之后在自己的forward上打断点。若程序运行时报错，说明init配置的还是有问题，模型未能正常初始化，请重新检查。

若初始化完成后，就可以开始修改forward函数了。


TrafficWheel的外层会对模型传入一个shape为**`[batch_size, time_step, num_nodes, dim]`**的张量，一般情况下，batch_size为64，time_step为12，num_nodes取决于数据集，dim是输入维度为3。其中，第1维为流量数据，第2维为日嵌入，第3维为周嵌入。

需要观察原版模型的forward函数里传入什么shape的tensor。一般情况下，不需要日嵌入，周嵌入。

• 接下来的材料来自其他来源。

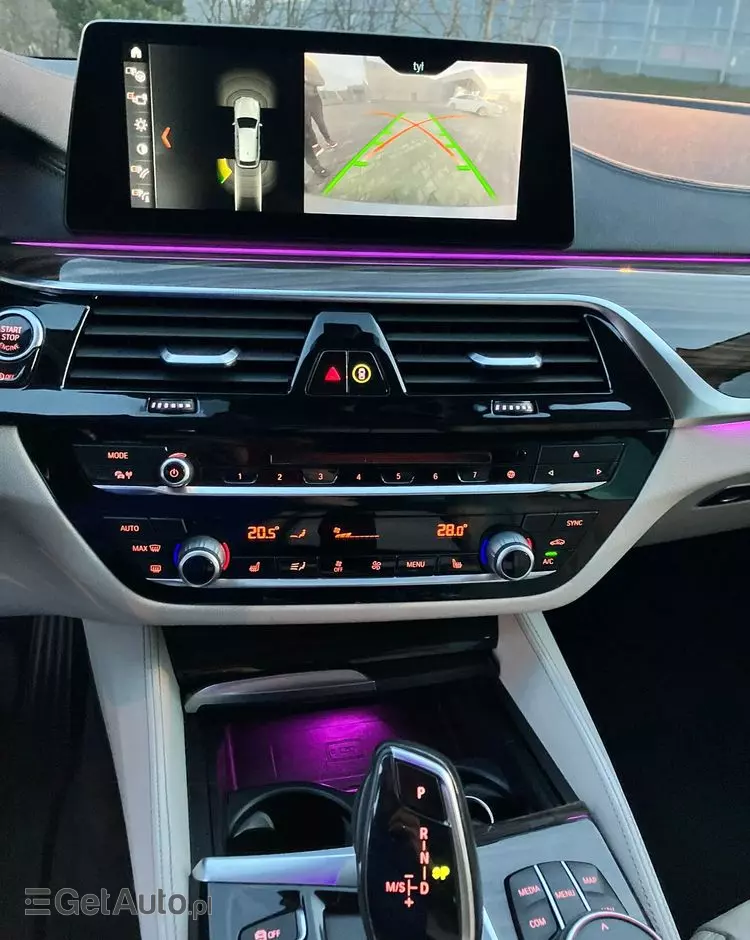 BMW Seria 5 520d Luxury Line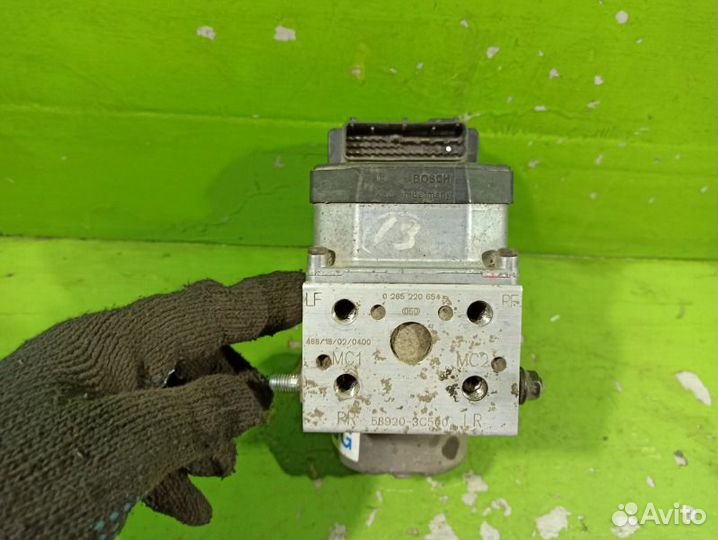 Блок abs Hyundai Sonata EF 2.7 G6BA 2006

这里，STGODE里面传入的shape是 `(batch_size, num_nodes, num_timesteps, num_features)`，与我们传入的shape不一致，所以我们需要修改。

以PEMSD4为例，首先，截取 `x = x[..., 0:1]`，会使得x的shape由(64,12,307,3)变为(64,12,307,1)，即取流量维度。

再通过`x = x.permute(0, 2, 1, 3)` 将`[batch_size, time_step, num_nodes, dim]`转换为 `(batch_size, num_nodes, num_timesteps, num_features)`。输入维度dim和特征features其实是一个意思。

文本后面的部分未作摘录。